Because I was very new to economic thinking (and writing), I was unfamiliar with many of the “big names” in economics at that time. I had read Ludwig von Mises and F.A. Hayek (thanks to Bill Peterson, who regarded me as a protégé) as well as just about anything else I could find on Austrian economics in this preinternet age, but my economic education was in its infancy and I had much to learn.
Having read many of Rothbard’s columns in Reason magazine (I became a subscriber), I became familiar with both his libertarian views and his economic analysis and came to understand that he was a consistent thinker, and I looked forward to meeting him. I would have that chance in Berlin.

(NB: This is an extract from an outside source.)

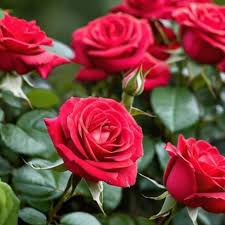 Rose Petal Seeds Red for Planting – Heirloom, Non-GMO, High Germination Organic Garden Seeds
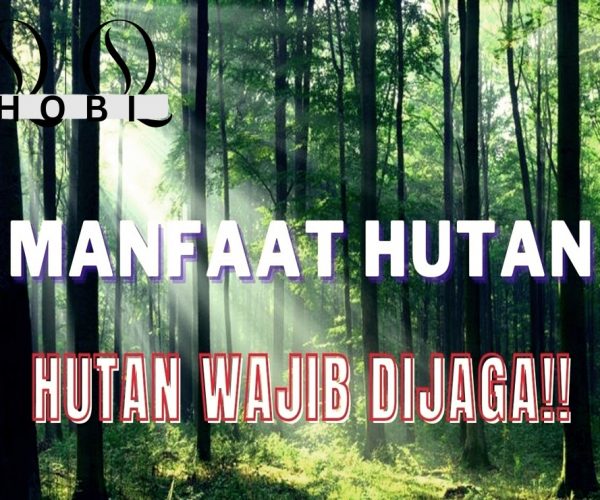 MANFAAT HUTAN UNTUK KEHIDUPAN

We arrived in Berlin, fully jet-lagged, with two hours of sleep over a forty-hour period. After checking into our room in the Intercontinental Hotel, we went to the opening meeting, where Hayek was one of the speakers. I previously wrote about the madhouse of a dinner we had at the close of the meetings, but at least I had the opportunity to meet the late Walter Williams.
Later that week, I finally had the opportunity to meet Murray N. Rothbard, and he was unlike what I had imagined. Where I had expected a firebrand, I found, instead, a pleasant fellow who laughed with a cackle. We didn’t talk for very long and I doubt he was impressed with my questions, but I finally was able to meet him. I never saw him after that week.
Included in the week’s activities was a bus tour of East Berlin. My wife and I knew what to expect, having talked to others who already had been there, but even mental preparation was not enough, and a bus full of conservative and libertarian economists and writers was not going to take a very sympathetic view of the communist paradise on the other side of the wall. Not with people like Murray Rothbard, Henry Manne, and Morgan Reynolds on board.
Neither Murray nor his wife, Joey, said very much during the tour and I don’t recall saying anything to either of them. For me, reading Rothbard and the Austrians had proven valuable to me as I saw the neglect and decay that was East Berlin and understood why that was the case. Why? The Austrians from Mises on had explained the concept of economic calculation and how socialism as envisioned by its supporters could not survive.
In other words, Murray Rothbard didn’t need to explain to me on the bus why East Berlin, the so-called Paris of Eastern Europe, was a broken-down dump. He already had explained it to me in his numerous writings.